Elle me détailla pas du tout satisfaite. Elle pensait réellement à me brûler sur un bûcher pour voir si cela suffisait à me tuer. Cette confirmation de son savoir sur ma condition me rendit un peu anxieux, il est vrai, mais après tout elle le savait depuis deux ans, et n'en avait que faire.
Elle me trouvait plus aussi bien pour Bella à présent. Pour elle, je faiblissait vraiment à prendre soin de son amie, que dis je de sa soeur de coeur.
Et la honte me submergeait. Il fallait que je sache, les question sortaient de ma bouche à toute allure comme un raz de marrais déchaîné. Elle eut un regard sévère mais chercha tout de même à m'aider. Elle sortit un petit bloc note et m'entraîna vers notre prochain cours qui par chance nous était en commun. Je prenais des notes pour elle et elle me faisait la liste de tout ce à quoi je devrais faire attention pour le côté humain de Bella: sa nourriture préférée et celle qui lui été bénéfique même si elle appréciait moins de l'avaler, ses petites manies, et bien d'autres choses.
Je rentrais même au déjeuner pour la voir. Mais elle était rentrée chez elle avec Esmée pour prendre ses affaires. Une journée entière sans la voir, sans la toucher, ni avoir son odeur qui se collait à ma peau, je me sentais amputer de quelque chose de bien plus profond que cette âme si absente chez notre race.
Jasper m'évitait même dans les couloirs, tellement j'étais une boule de nerfs qu'il n'avait pas intérêt à frôler avec son contrôle plus qu'instable. Mais Alice lui redonnait heureusement un peu plus de légèreté en pensant déjà à la nouvelle garde robe qu'elle allait faire pour sa nouvelle parente.
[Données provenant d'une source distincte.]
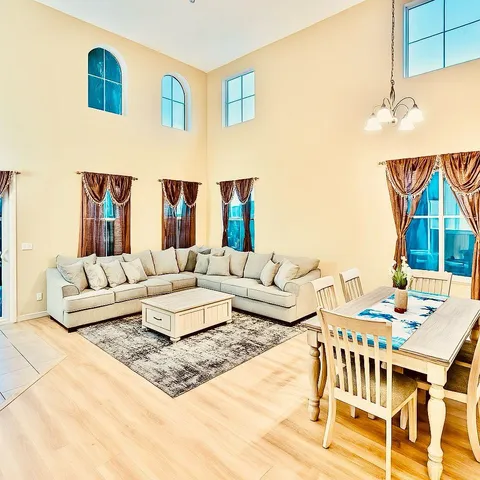 a living room with furniture and wooden floor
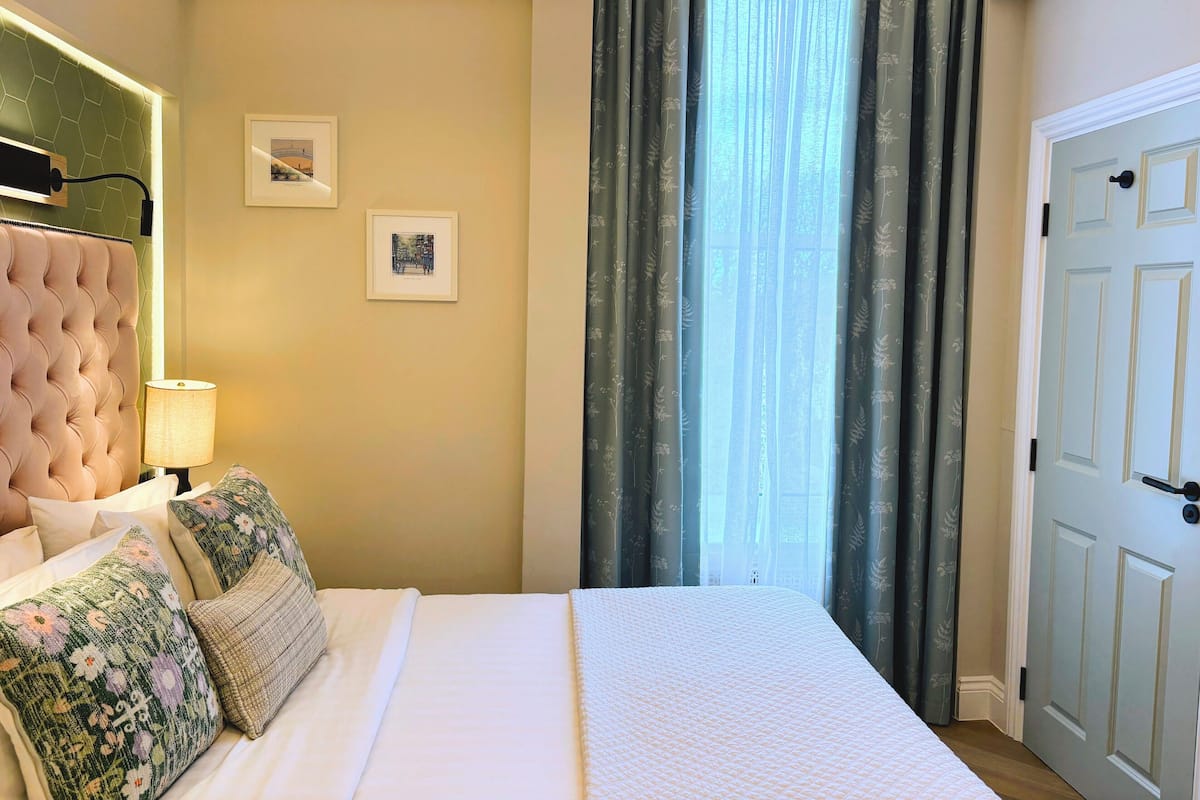 Quarto com cabeceira estofada, cama com roupa de cama branca, almofadas com padrão floral, abajur e duas fotos emolduradas na parede.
J'aurais voulus savoir qu'elle voyait Bella comme sa nouvelle soeur mais cela aurait été un peu rapide en besogne. Comme tout le clan elle doutait, un fille des Volturri, si distante, si puissante... En vérité aucun d'eux ne savait comment réagir. Rose étant la plus sûr de toute car celle qui détestait le plus cette « intruse » parmi nous. Je voulais leur en tenir rigueur mais je n'en avais pas le droit. De plus tout ce qu'ils pourraient dire ou pensé n'allait rien changer, j'étais avec Bella ou je n'étais juste plus rien.
Je me voyais déjà fuir avec elle ma famille pour n'être plus que nous, sans plus aucun artifice, juste nos vrai nous avec la nature de chacun, bien plus qu'humaine.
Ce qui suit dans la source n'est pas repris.